Guest Article : Ivan Corbett
Way back in 2007 the Wii surpassed everyone’s expectations shooting right to number one in console sales, its innovative use of motion controls and a family orientated approach rapidly gained popularity amongst a new wave of casual gamers. Suddenly everyone could play, no longer was the video game console solely the domain of the kids. This new and massive market worried the competition at Microsoft and Sony greatly, something had to be done.
Immediately Microsoft started work on emulating the Wii “Project Newton” an internal engineering project was cranking out wands by the new time and Microsoft came very close to bringing these to market. But then the inevitable happened, the Wiis’ market expansion rate dropped, millions of consoles started to gather dust, third party developers cried foul of the comparatively low horsepower of the Wii and the imprecise motion controller.
It was then that a small Israeli company named Pimesense pitched the idea of gesture based interfaces to several companies, Apple even took them up on it, although strict rules on them licencing the technology to other companies and Apples’ legendary secrecy eventually killed the deal. Microsoft then swooped in and picked up the fledgling company with a better offer, this was the day “Project Natal” started. It was a simple idea, create a new type of natural user interface or “NUI” for computers a way of interacting with them without the need for any controller at all, just your body movement, gestures and voice. In early 2008 a prototype was shown costing an estimated $30,000 and being massive it was difficult to see this going anywhere outside of the labs.

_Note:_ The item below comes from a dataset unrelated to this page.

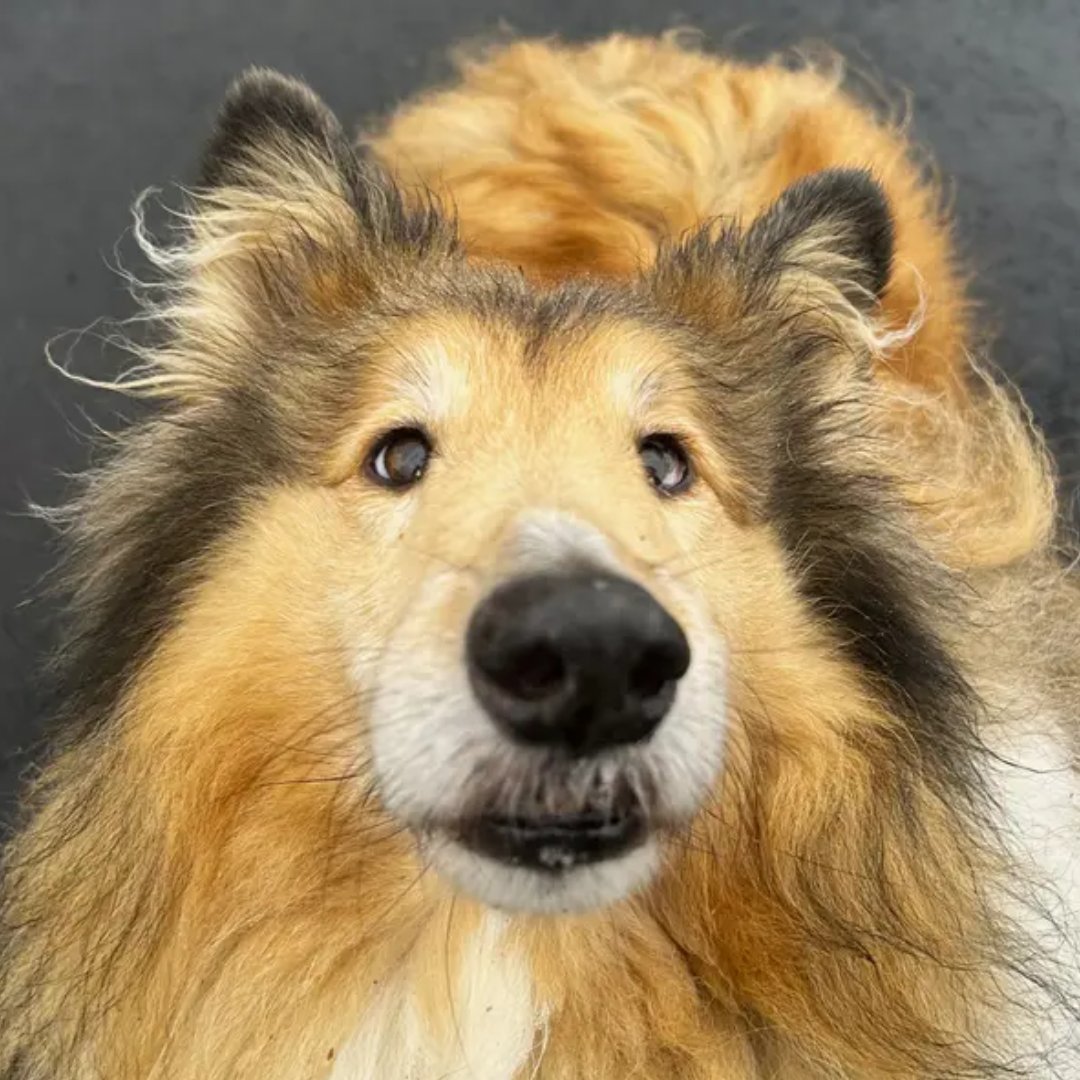 It's always a good hair day for Cobie 😍

He's an older boy looking for a quiet, relaxing home where he is given time to adjust and settle in 💛 <a href="/DT_Ballymena/">Dogs Trust Ballymena</a> 

Find out more about him here: bit.ly/3WEdRPF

But a challenge was set to the Microsoft labs incubation team named after a town called Natal in Brazil, to miniaturise this technology and reduce the cost enough that it could be sold as an attachment for their Xbox 360 console, this was to be this answer to the Wii, sufficiently different in approach to catch the attention of the market the Wii had created and advanced enough technically that the third party developers would take interest. When Project Natal was announced to the public at E3 2009 it captured worldwide attention and set the target high for the now global teams that were working on the technology. It was divided into three parts: Primesense and the Microsoft Israel team would work on the 3D depth sensor technology, the most costly part of the package; Microsoft Seattle and their Stanford research team would work on the software to turn the depth map produced by the sensor into usable data for a game to interpret, and Microsoft Research in India would work on “Project Berlin” the voice command segment of the technology based on existing voice command tech but using a new four microphone approach to cancel background noise and provide acoustic source location (ASL), a technology whereby the sensor could tell where sound was coming from.
By early 2010 it had become a reality and draft sensors were starting to appear, combining a near Infra-Red projector, a CMOS camera tuned to see the resulting projection (the distortion of this projection from the source image allows the sensor to accurately judge how far objects are from it), a colour camera used for video chat and facial recognition and four microphones spaced precisely for ASL (this lead to the sensors elongated shape) mounted on a motorised tilt base so that it could adjust its’ field of view automatically. Only the software was left to complete.
The sensor was producing an excellent depth map of the room but interpreting this data was a different story, first the player had to be removed from the background so it simply looks for human shaped objects and cuts everything behind their depth plane out, then it uses a pre-computed library of tens of thousands of possible human body positions to work out where each of your limbs are (or guess if it can’t see them based on a basic understanding of how humans can move and bend) and assigns a point to each joint (22 in total per player) these points form a skeleton of reference points that the games can interpret, All this in a fraction of a second. Meanwhile the voice technology had matured very well and they had created an excellent system for filtering out sound that the console itself was producing whether it be a game or movie and also the ambient sounds of the room and responding to voice commands rapidly and with few mistakes, all be it a little sensitive to accents and requiring recalibration for each new room it was to be used in (the sensor plays a series of test sounds and measures the time it takes to bounce off objects in the room so it can filter out the echo effect). It was quite the technical achievement and one that Microsoft was rightly proud of, touting the newly renamed Kinect sensor and nothing short of revolutionary at E3 in 2010.
Of course while Microsoft may have thought of Kinect as a sure fire hit, the rest of the world and indeed their game development partners still needed convincing, sure the technology was great on paper and technically advanced. But was it and good in the real world, was it fun and most importantly, would it sell?